What is Stealthing?


[content warning: rape, sexual assault]

“Stealthing” is a word that has been seen increasingly on social media in recent weeks. Officially, it has been referred to as the non-consensual removal of a condom during sex, and non-officially as a “sexual trend”. But organisations and activists have been pushing for it to be referred to as what it really is: a form of sexual assault.
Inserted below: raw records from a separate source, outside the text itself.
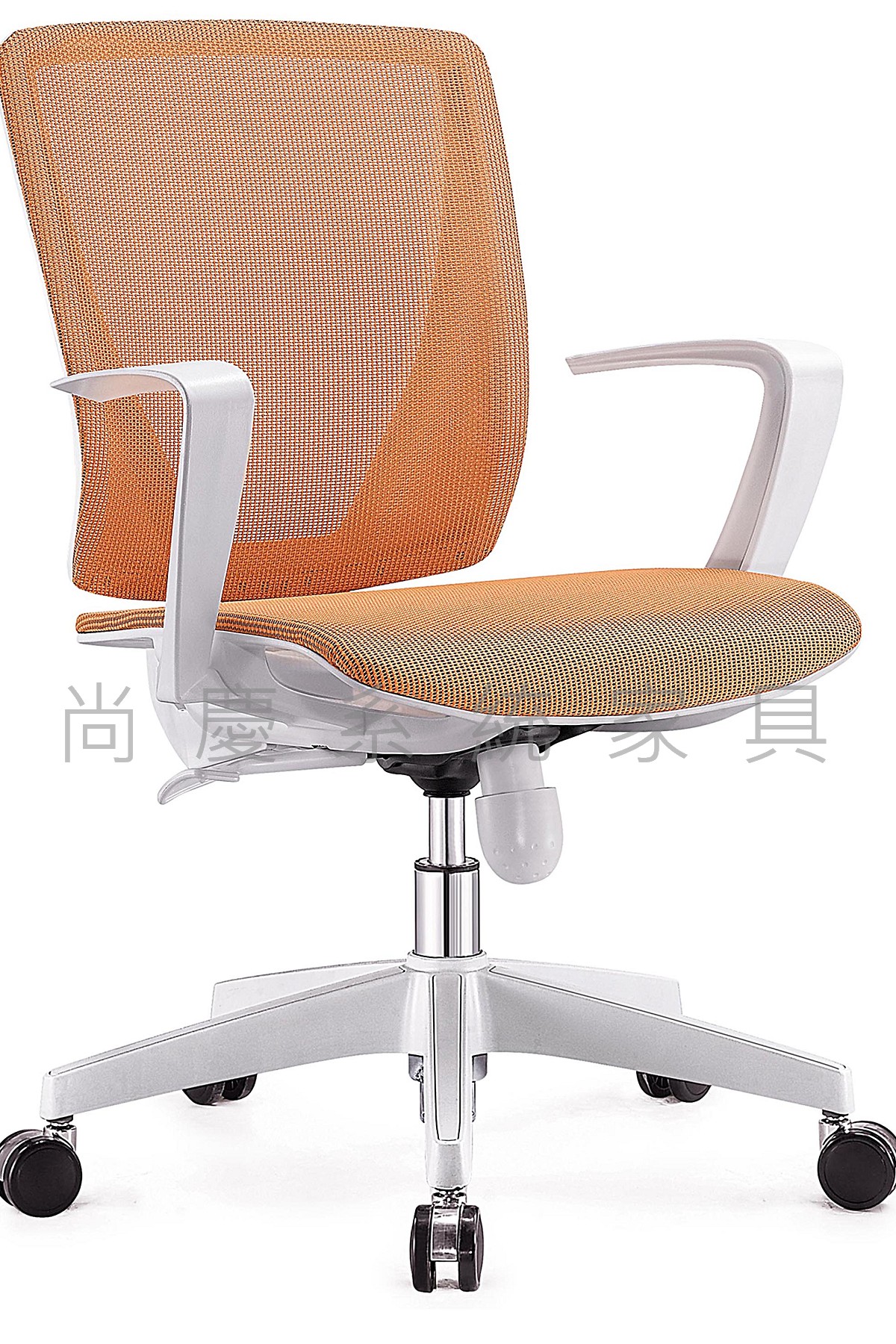 白鯨扶手網全椅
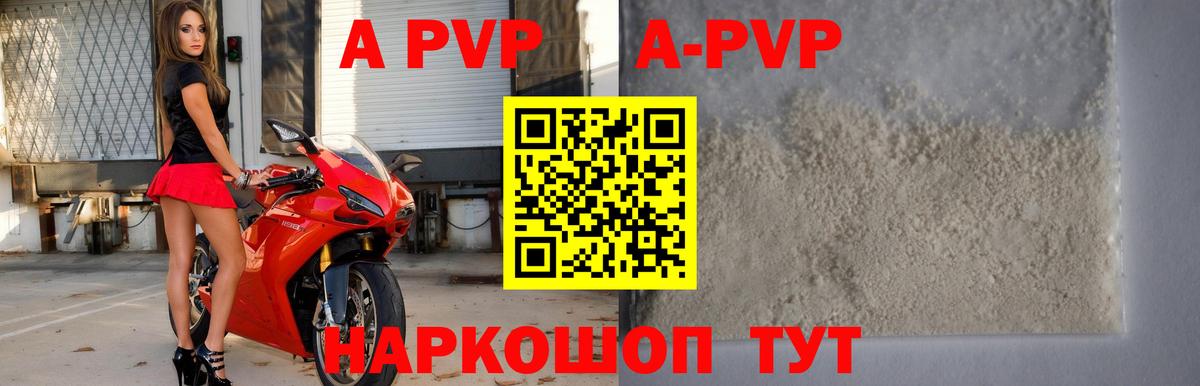 APVP кристаллы Медногорск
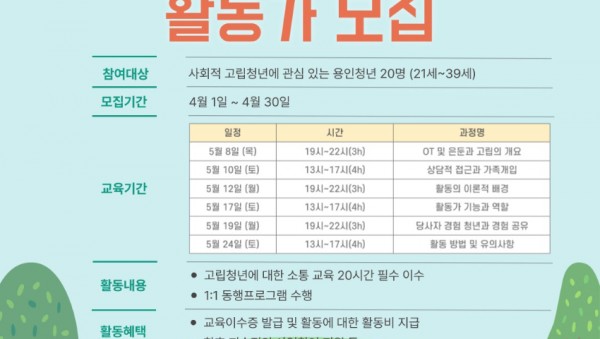 250402 5. 동행활동가 모집 포스터 최종.jpg
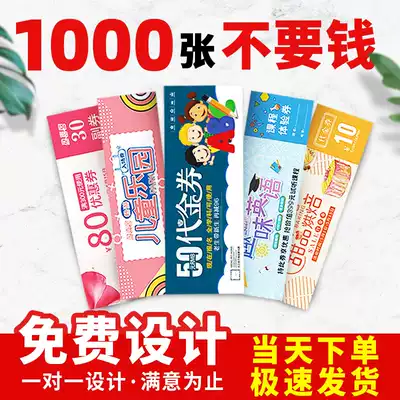 Voucher Order Coupon Admission Gift Voucher Car Washing Experience Card Free Design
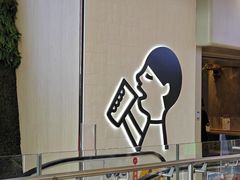 -喜茶(广州佳兆业广场店)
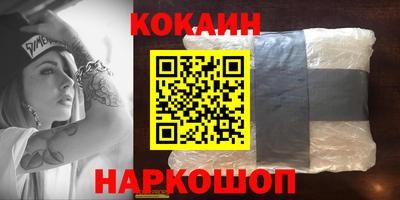 кокаин колумбия Донецк
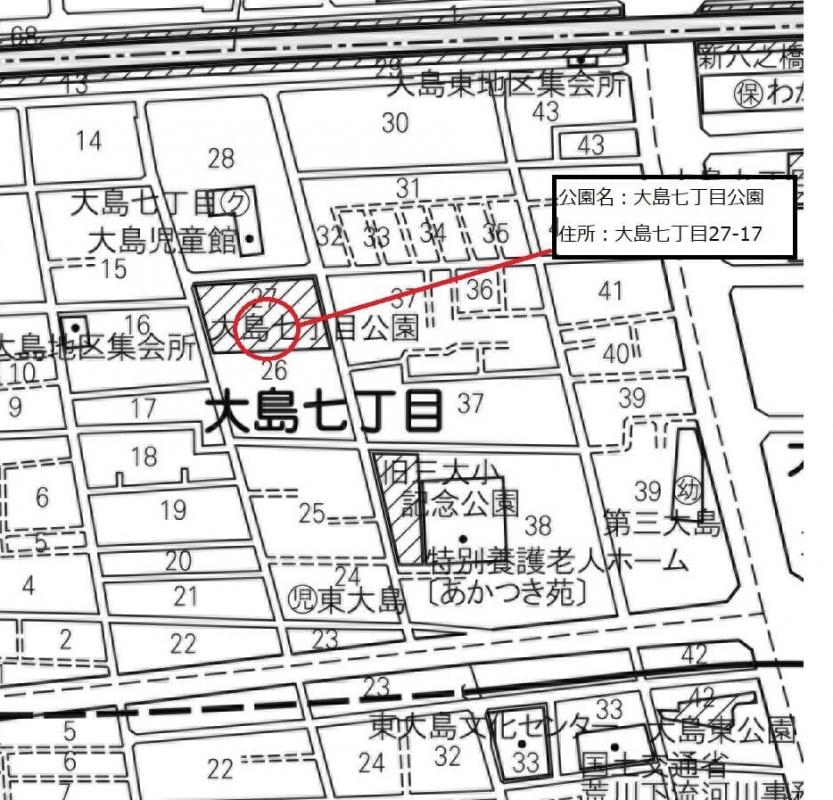 工事箇所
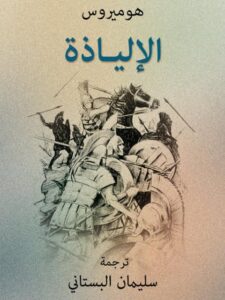 تحميل كتاب الإلياذة- البستاني PDF هوميروس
We are taught (at least I hope most of us are) the importance of conscious consent. However, some often forget that there is more to consent than a simple ‘yes’ or ‘no’. It comes with conditions, and protection is one of the most common ones.  The reasons for protection, between STDs and pregnancy risk, are pretty clear. So why do so many guys think it’s ok to just slip it off? In a study conducted by National Women’s Law Centre, men name reasons such as an increase in physical pleasures, or excitement from degradation and domination. These findings are immensely worrying, as they reflect a horrifying lack of respect for women and the threat that our society’s rape culture poses to real people.

The best way to fight this is to begin raising awareness of this disturbing practice, and make it clear that stealthing is a form of rape, which is both socially and criminally unacceptable. Hopefully this isn’t too far away; The President of the Queen’s Bench Division, Sir John Thomas, stated that having sex without a condom, in a case when the other person makes it clear that (s)he would not participate otherwise, is an offense under the Sexual Offences Act 2003. Earlier this year, one man who removed a condom without his partners’ knowledge during sex was charged of rape in Switzerland – but the verdict was recently overturned. However, Switzerland is still much more progressive than the rest of the world, where this disturbing practice has not received much attention until now.

I conclude this article by quoting a statement from the Rape and Sexual Abuse Support Centre:

“Consensual sex is contextual. If you have consented to sex with a condom and someone continues to have sex with you without a condom or deceives you into believing he is wearing one when he is not, you have not consented.”